# Records to process

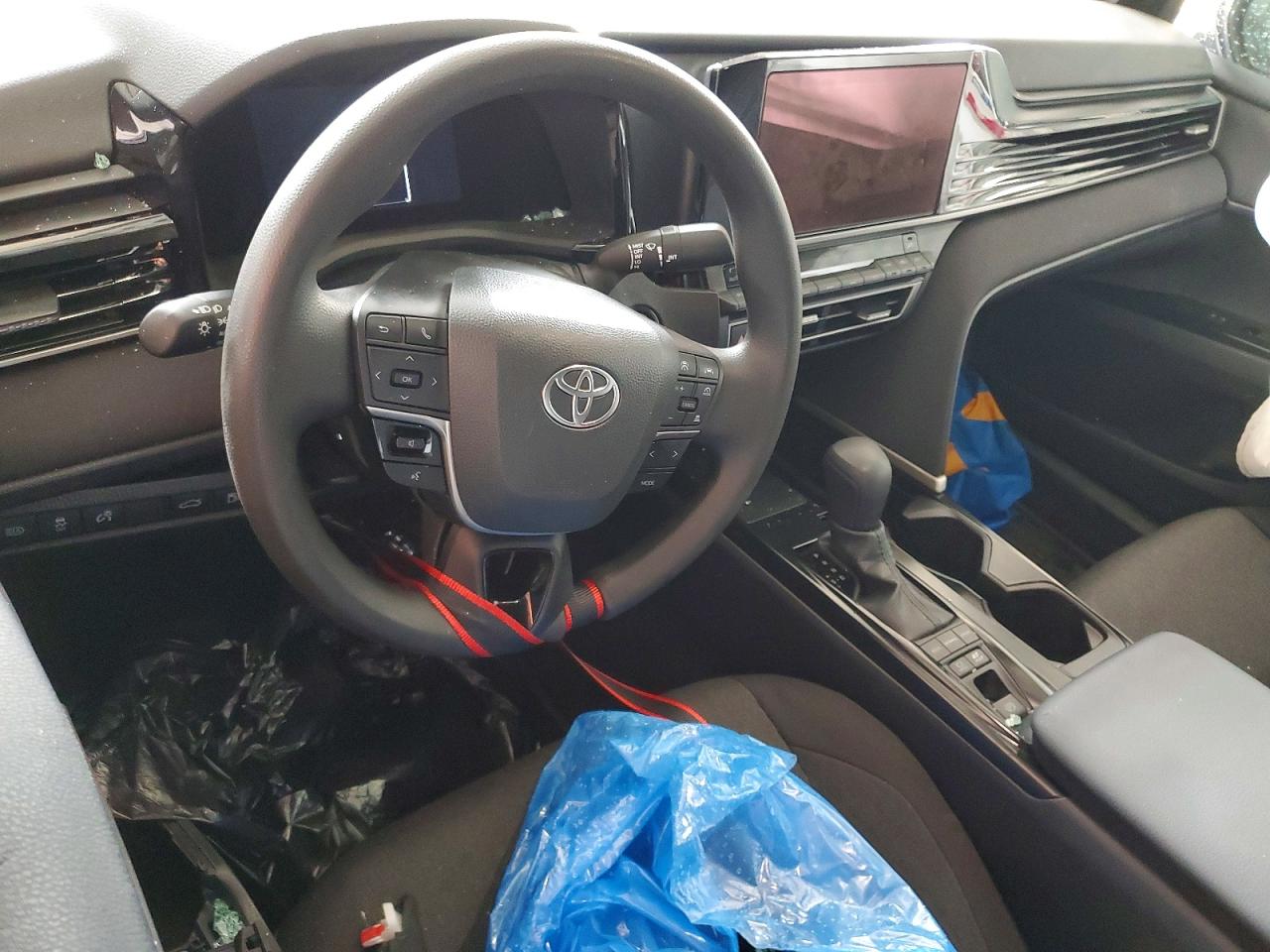 2026 TOYOTA CAMRY XSE photo 8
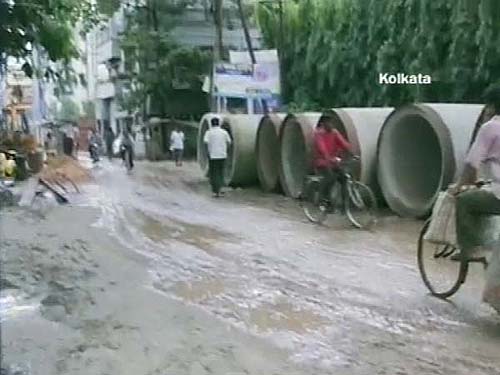 <p>As vehicles strain through what seems to be mud all over, one's on the verge of forgetting what a road looks like, in Kolkata. (NDTV Photo)</p>
<div><font face="Arial" color="#000000" size="2"></font></div>
<a class="fn fl fa fs12" target="_Blank" href="http://www.ndtv.com/convergence/ndtv/new/india.aspx">Seen worse roads? Share pictures with us.</a>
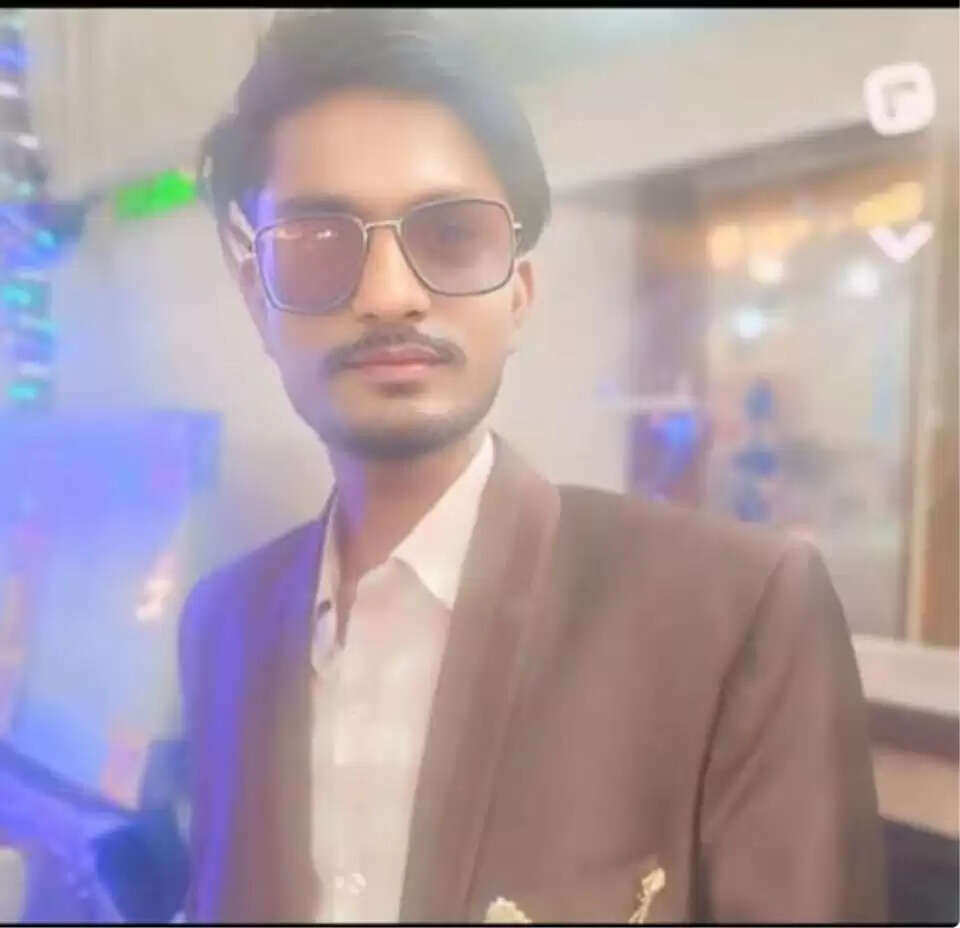 प्रेमिका के घर के बाहर बेहोशी हालत में मिला युवक, अस्पताल में तोड़ा दम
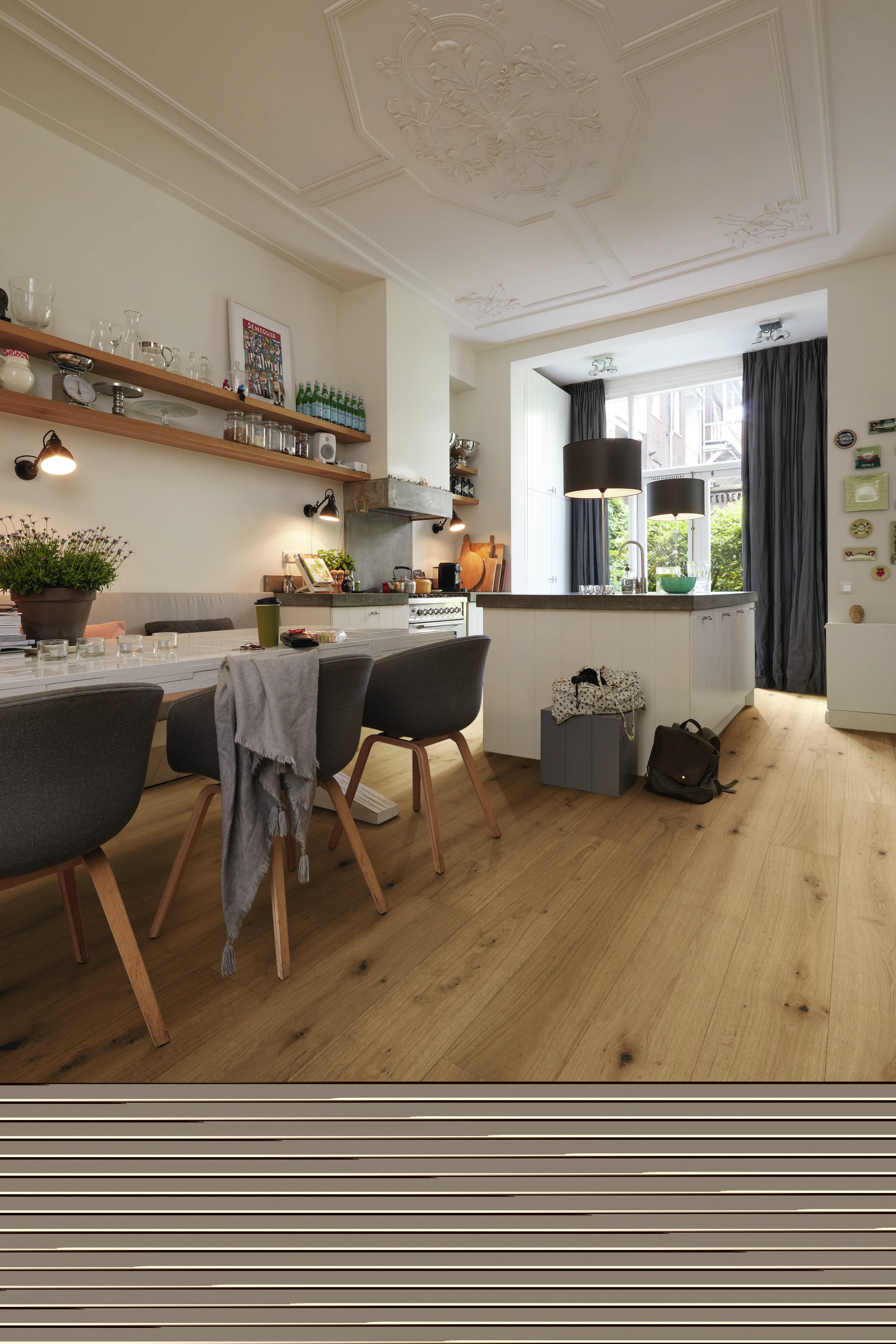 Ambiente instalado de Roble vivo greige 9049 MEISTER
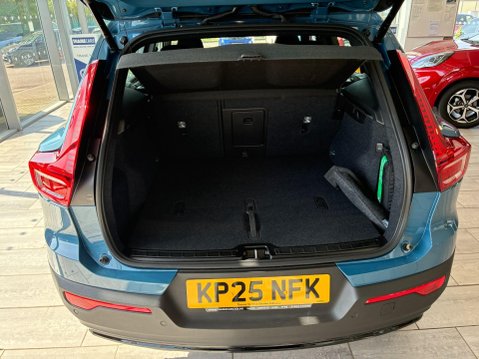 Volvo XC40 2.0 B4 MHEV Plus Dark DCT Auto Euro 6 (s/s) 5dr 26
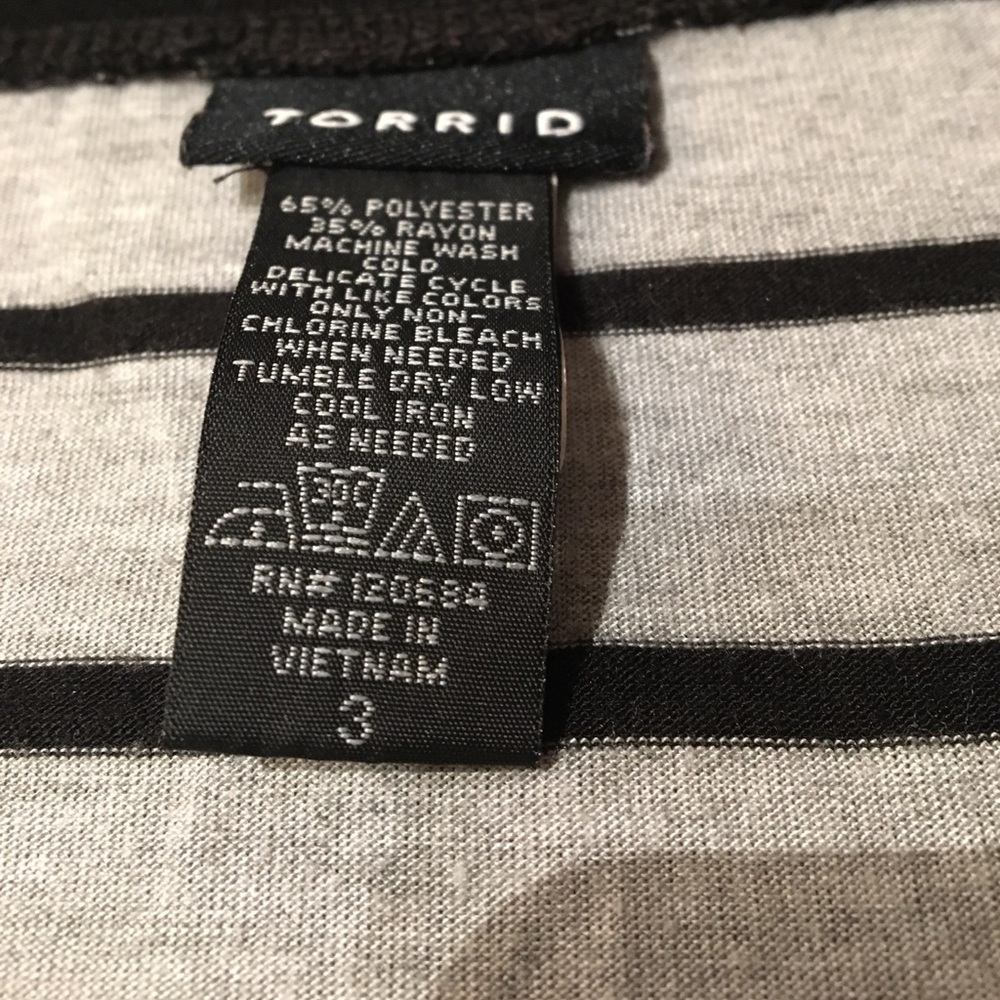 Torrid quarter sleeve striped over sized shirt - Picture 4 of 5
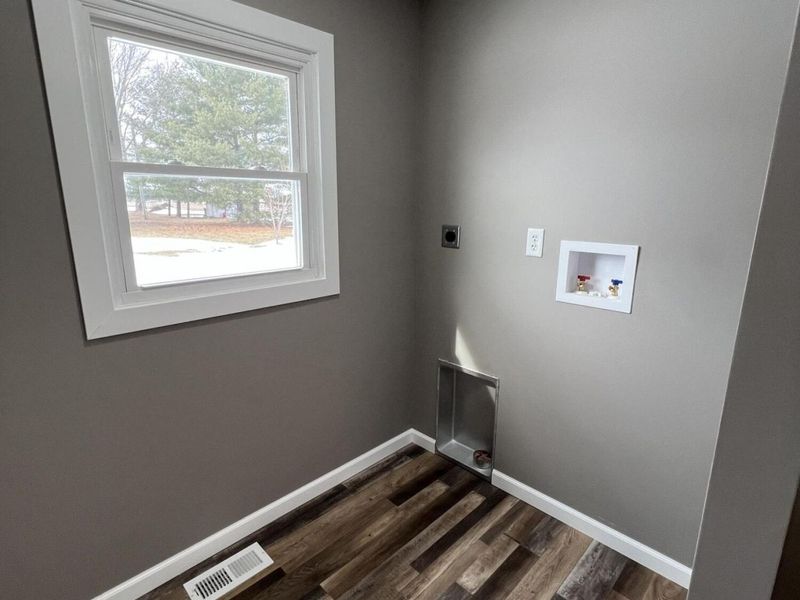 533 N Westminster Street, Waynesfield, OH 45896 Photo 56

# What the exercise asks
Copy the data in full. No pictures belong in the copy.

# Response box
 2026 TOYOTA CAMRY XSE photo 8
 <p>As vehicles strain through what seems to be mud all over, one's on the verge of forgetting what a road looks like, in Kolkata. (NDTV Photo)</p>
<div><font face="Arial" color="#000000" size="2"></font></div>
<a class="fn fl fa fs12" target="_Blank" href="http://www.ndtv.com/convergence/ndtv/new/india.aspx">Seen worse roads? Share pictures with us.</a>
 प्रेमिका के घर के बाहर बेहोशी हालत में मिला युवक, अस्पताल में तोड़ा दम
 Ambiente instalado de Roble vivo greige 9049 MEISTER
 Volvo XC40 2.0 B4 MHEV Plus Dark DCT Auto Euro 6 (s/s) 5dr 26
 Torrid quarter sleeve striped over sized shirt - Picture 4 of 5
 533 N Westminster Street, Waynesfield, OH 45896 Photo 56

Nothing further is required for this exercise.